La grosse différence entre Daniel Cohen et Jean Weissenbach, c’est que le premier est un intuitif, un type qui va très vite mais qui ne contrôle pas les choses. L’autre est un Alsacien extrêmement rigoureux, un gars qui vérifie tout. Si on dit à Jean qu’il y a un gué, il va vérifier en mettant son pied pour s’assurer qu’il y a bien une pierre. Daniel dira, lui, si on lui dit qu’il y a un gué, il dira : allez-y les gars, traversez ! Si vous prenez la carte faite par Daniel, vous verrez que son principe est essentiel et qu’elle a mobilisé les gens et des moyens, mais qu’elle est mauvaise parce que les hybrides - les chromosomes artificiels de levures créés - sont chimériques. Je me souviens de discussions dans les années 1992-1993. Jean Weissenbach disait à Daniel Cohen : "ta carte a forcément des chimères. Pourquoi ne regardes-tu pas ce qui est chimérique avec les marqueurs qu’on a individualisé ?
- Mais non, ce n’est pas chimérique et si ça l’est un peu, ça n’a pas d'importance". Il était convaincu que le chimérisme, c'est-à-dire l’hétérogénéité des fragments d’ADN humain clonés dans les chromosomes artificiels de levure (YAC) était faible, pas plus de 3 ou 4 %... Alors qu’en fait, il atteignait 80 % !

Sa carte a tout de même marqué le début de l’entreprise
Par la suite, les Américains ont fait un travail très rigoureux en utilisant les mêmes outils, mais on l’imagine à leur manière. Il y avait un génomicien américain qui est venu pour les cinq ans de Génopole, William Haseltine je crois, qui nous a dit un jour : "Je suis venu, il y a dix ans : ce que vous faisiez était génial.

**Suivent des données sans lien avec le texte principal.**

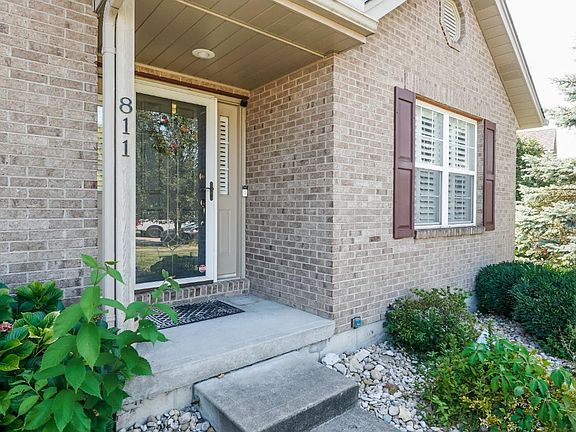 3rd image of 811 Coleman Dr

Je suis retourné aux Etats-Unis, j’ai fait la même chose, simplement avec plus de moyens. Je reviens dix ans plus tard et qu’est-ce que je vois ? Vous ne faites plus rien… Pourquoi ?" 
Alors Barataud lui lance : "dites à ce monsieur que c'est parce qu’on n’est pas des boy-scouts ! 
- Mais je posais la question parce que je pourrais vous aider...
- Merci, mais nous, on s’occupe des maladies rares 
- Oui mais moi, les maladies rares ça ne m’intéresse pas…"

Le passage du génome humain aux génomes bactériens marque une vraie rupture
Jean Weissenbach est le genre de personne qui, lorsqu’il se lance, veut que les choses soient parfaites. Récemment, j’ai montré à Pierre Tambourin la carte du génome humain qui n’est pas complètement terminée. Il y a des régions très difficiles à cloner et il y a forcément des erreurs. Or, le chromosome humain où il y a le moins d’erreurs est celui qu’a séquencé Jean Weissenbach. Même si ce n’est pas un grand chromosome, quand on regarde la carte récemment publiée dans ‘Science’, celui qui a seulement une erreur est le chromosome 14, le sien. Donc c’est Daniel Cohen qui a eu l’idée de Généthon, mais la notoriété des cartes de Généthon, c’est d’abord celle de Jean Weissenbach, puis de Daniel Cohen et enfin celle de Charles Auffray.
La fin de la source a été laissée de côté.